Things did get off to an interesting start on Friday when I played this game and held a draw.

Although we both missed some stuff in the above game, it was nevertheless interesting.

Til Next Time,

Chris Wainscott

4 thoughts on “Terrible Result at USATN”

  1. Maybe we were twins separated at birth, because I missed an easy endgame win with the exact same tactic, also in time trouble!!

    If I see it correctly, 29.e4 “just hangs a pawn”, because his Queen can just take the Pawn, but then Your Queen could take his Bishop that his Queen was protecting.

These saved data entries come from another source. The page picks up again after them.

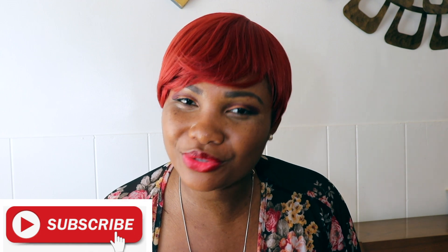Hey guys, thanks for tuning in today to Naturally Tanya. If you are new here, welcome to my channel. Please don't hesitate to click that subscribe button down below — click that little bell so that you can stay up to date on all of my uploads.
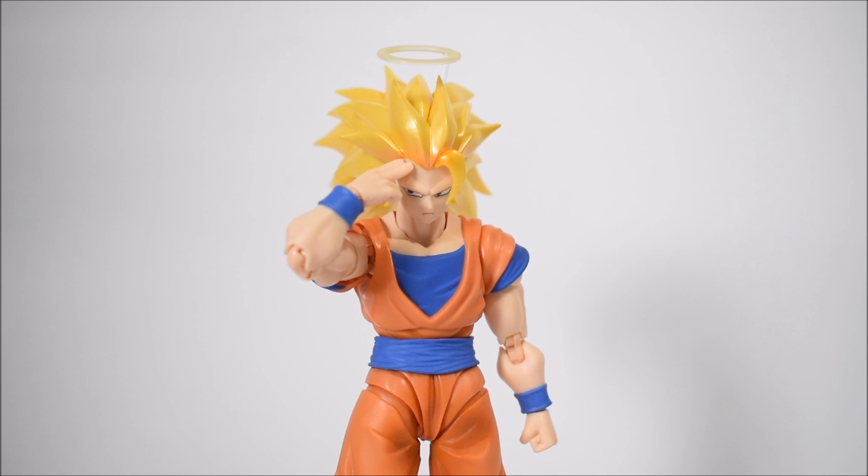That concludes my review of the S.H. Figuarts Super Saiyan 3 Son Goku 2.0. This is a fantastic figure which I highly recommend. Those who missed out on the first SS3 Goku release don't really need it unless you're a completionist — go with this one, it's a better version, the one we should have gotten to begin with. Give it a chance — don't base your opinion on pictures alone, because this figure looks fantastic in hand. I recommend it to any Dragon Ball Z fan, Goku fan, S.H. Figuarts collector, or DBZ collector. Don't forget you can pre-order from agelessgeeks.com using promo code erivera94 for 5% off.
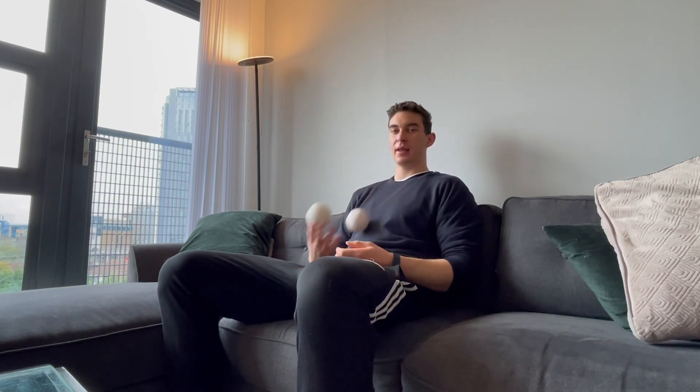Once you're used to it with one ball, take two and just do the standard two-ball step: one, two, like that. If you're able to do this — throwing and catching in opposite hands as you would for a normal juggle — then you can pretty much move on straight away to three balls.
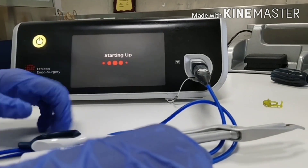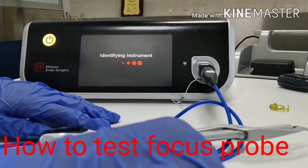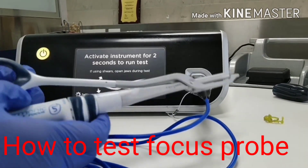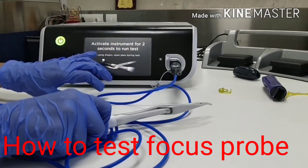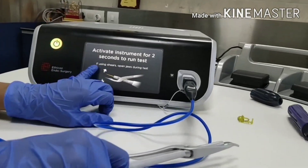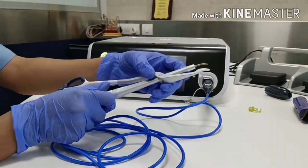It will take 10 seconds to start. It is identifying the instrument. Now it is asking to activate the instrument for two seconds to run the test. It is also showing a message: if using sharps, keep jaws open during the test.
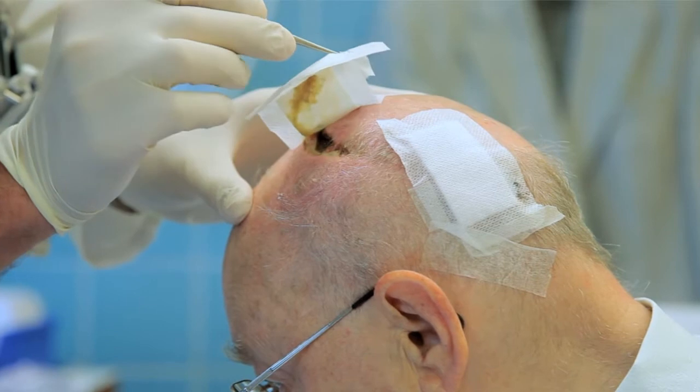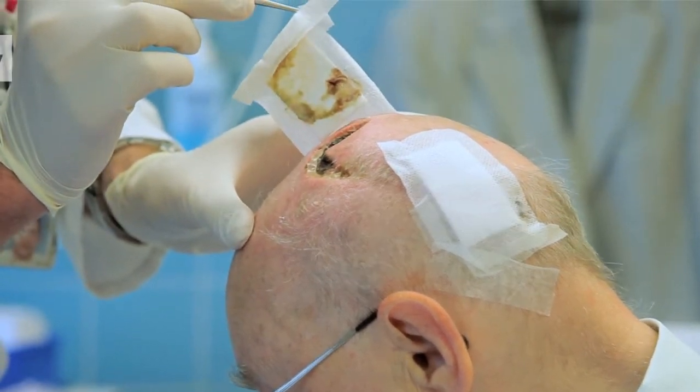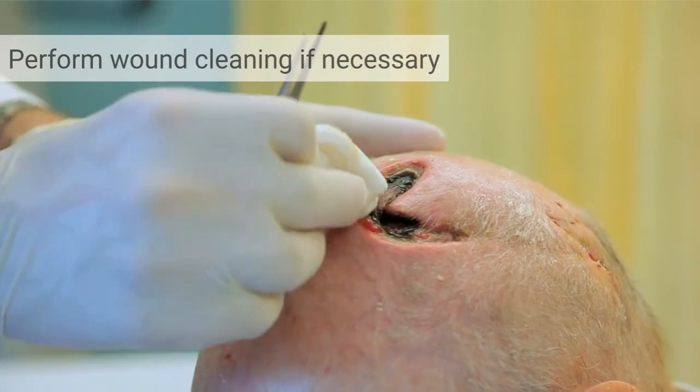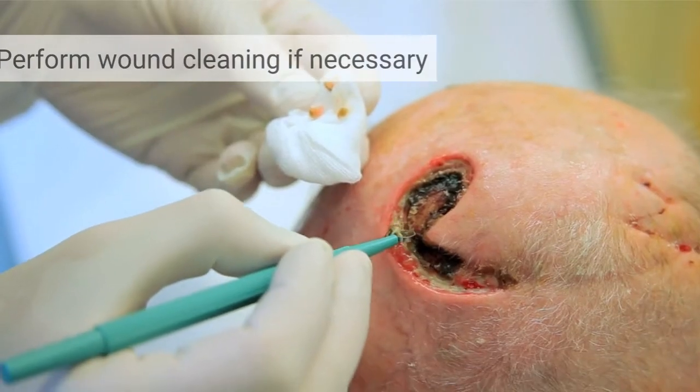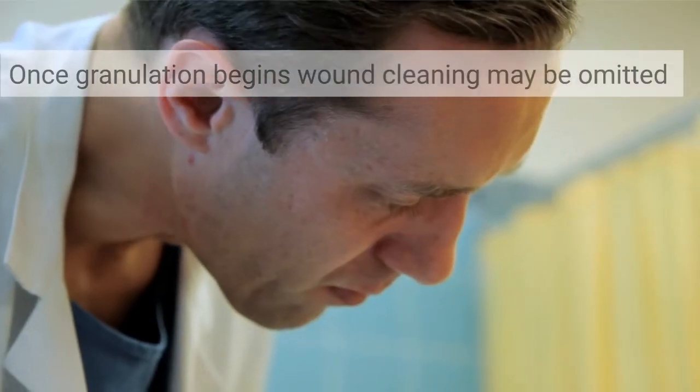The application of One is very simple. After removing the old dressing, perform a basic wound cleaning if necessary. Once granulation begins, wound cleaning may be omitted.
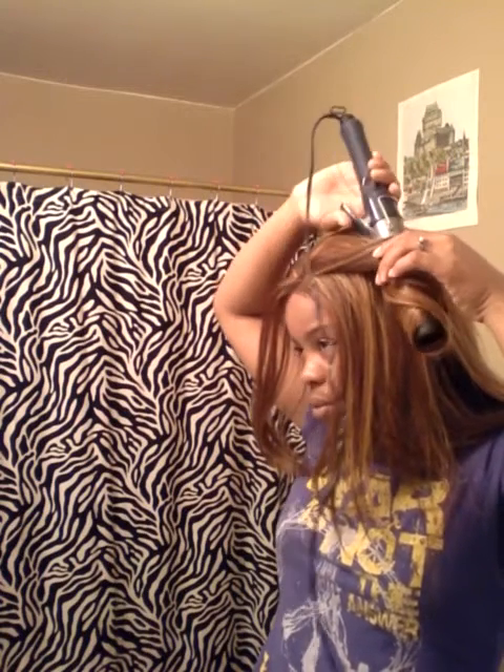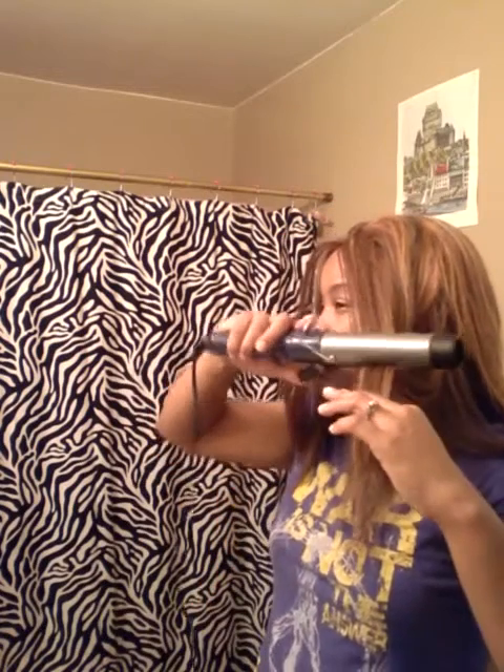I can guarantee you guys, if this does not come out right, I will take it off and take the glue out too. It feels pretty good on the heat — it's not melting or anything. We have a winner, ladies! When you heat up synthetic hair, you must comb it or else that stuff is going to melt all crunched up.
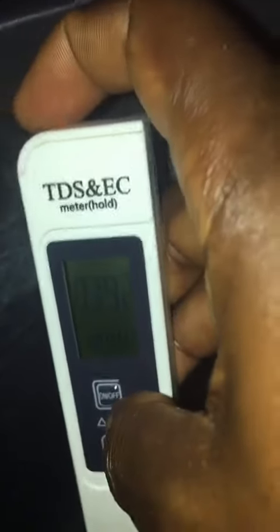Put the meter inside the water again. When it's in the water, press hold to stabilize and capture the EC reading.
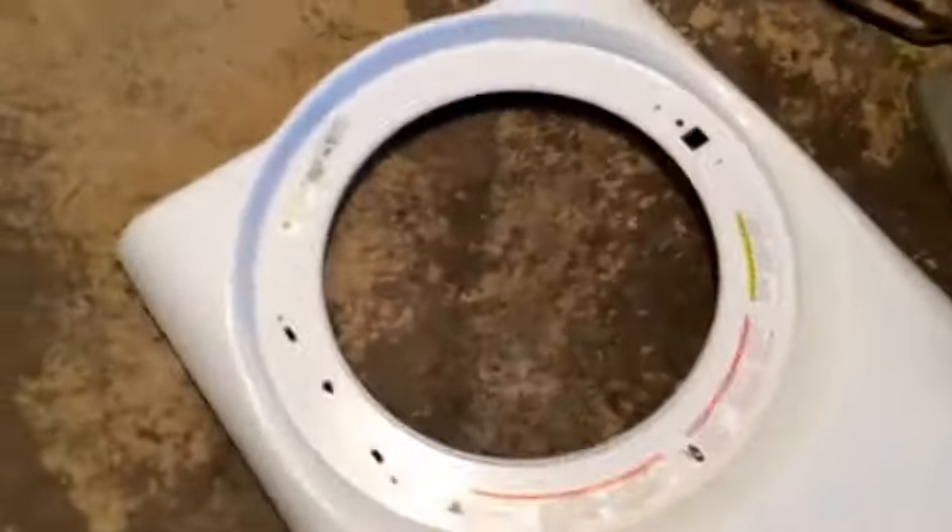This thing has a bad bearing — not worth repairing. The model number is GFWR2700H0WW. Hope the video helps you in terms of disassembly.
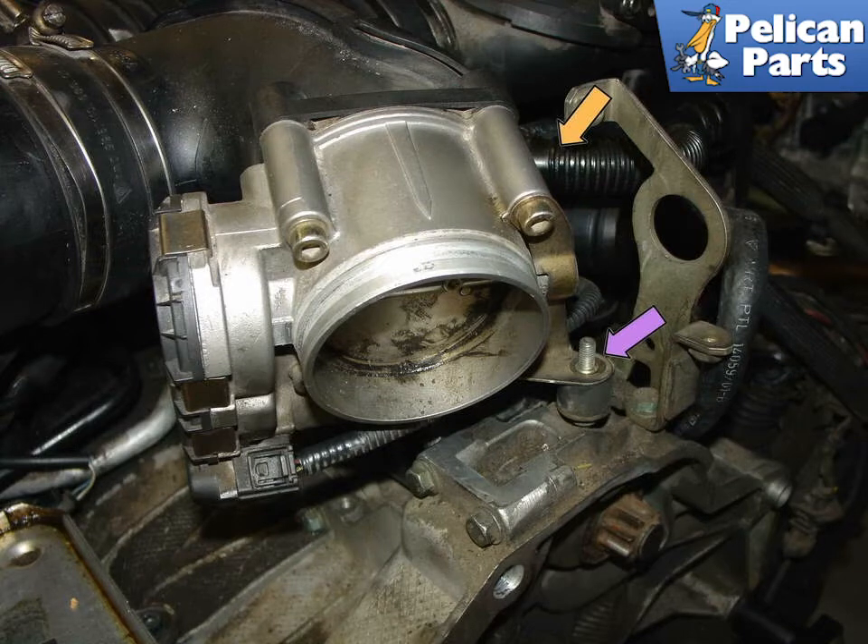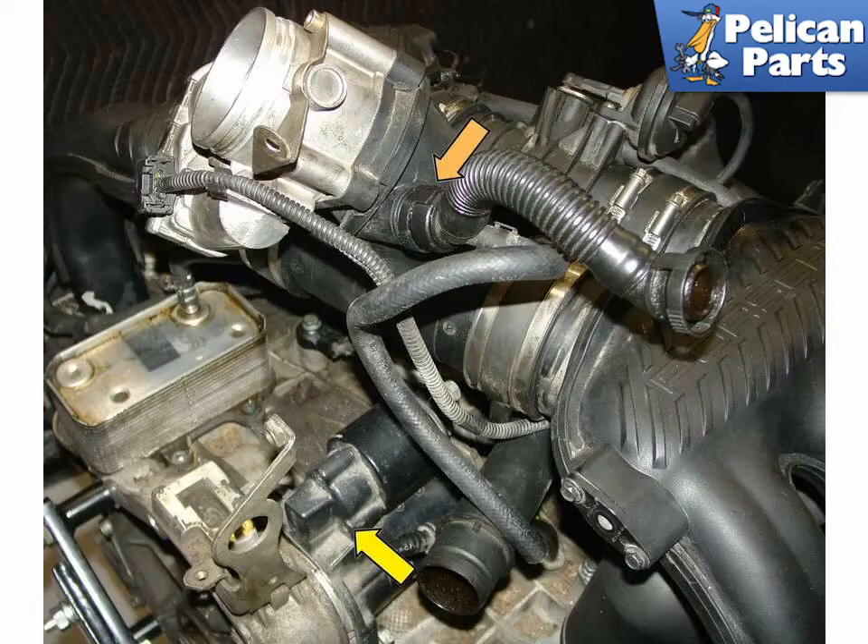Disconnect the air oil separator hose from the side of the intake tube as indicated by the orange arrow. This photo shows the throttle body disconnected and rotated up and out of the way. You can disconnect the air oil separator hose from the throttle body, orange arrow, or at the separator itself, as this photo demonstrates.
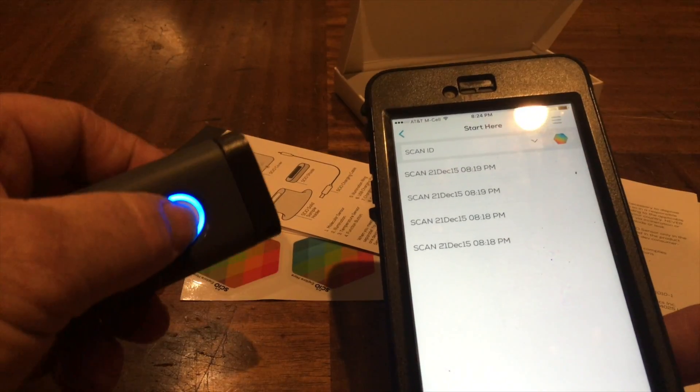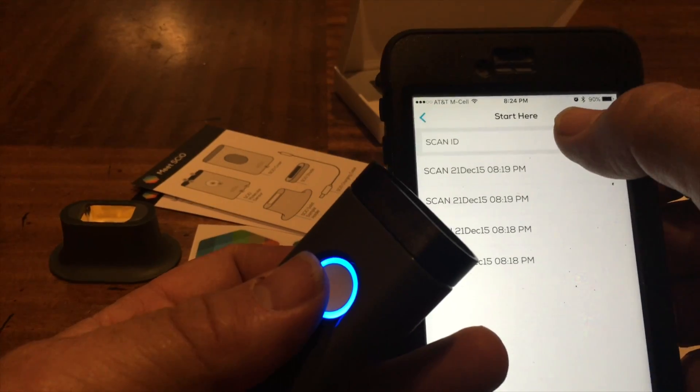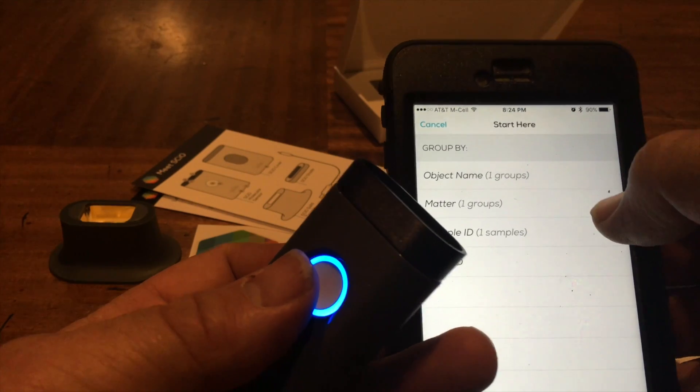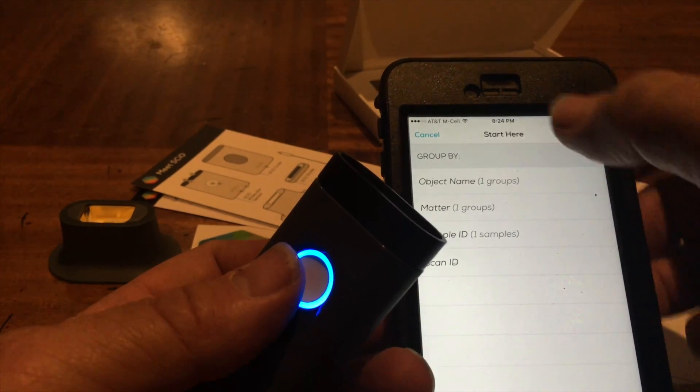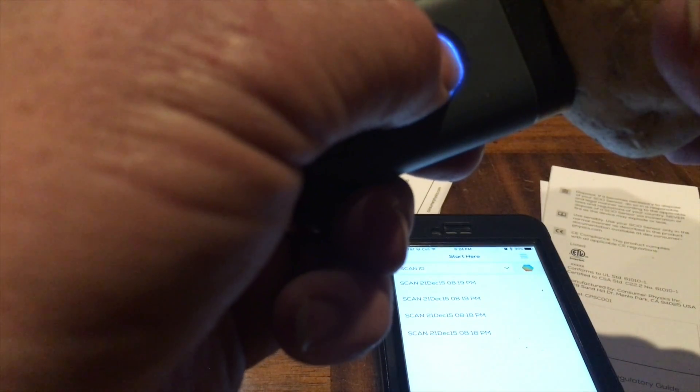What if I scan at this point - will it do anything? Scan ID, group by. Nope - didn't do anything.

    In my case, I sacrificed the exchange for 2 Pawns, and had double connected passers rolling down the board, with Pawns on d3 and e4, and I wanted to play e3, but His Queen would just take it, but His Queen was protecting his Rook which my Queen was attacking!!

    I too had to settle for a Draw.

    I have been doing “Tactics Training” for over a year, and I am somehow worse at tactics than ever before.

    I am also worse at Openings than ever before, because spending so much time on “Tactics Training” has taken precious time away from my study of Openings!!

  2. I’m rated in the upper 2100’s USCF and I also played in this tournament. I don’t agree that the final position is “dead level.” It might, at best from white’s perspective, be objectively equal or balanced, but not dead, especially in a clash between two class players under severe time pressure. I would say that black has the better practical chances because of the trickiness of the two knights and how the b-pawn is so close to promotion (with white’s own b-pawn being so weak). Nd7-b6-a4 is one idea that I see at first glance to pressure the white b-pawn. If either player should go for a win, it’s black.

    And Dean, tactics training works. I’ve seen it myself. I’m naturally sharper at tactics when I work on them a bit everyday; not so much when I don’t. How come you think you’re better at openings when you work on them but better at tactics when you don’t? Doesn’t quite add up.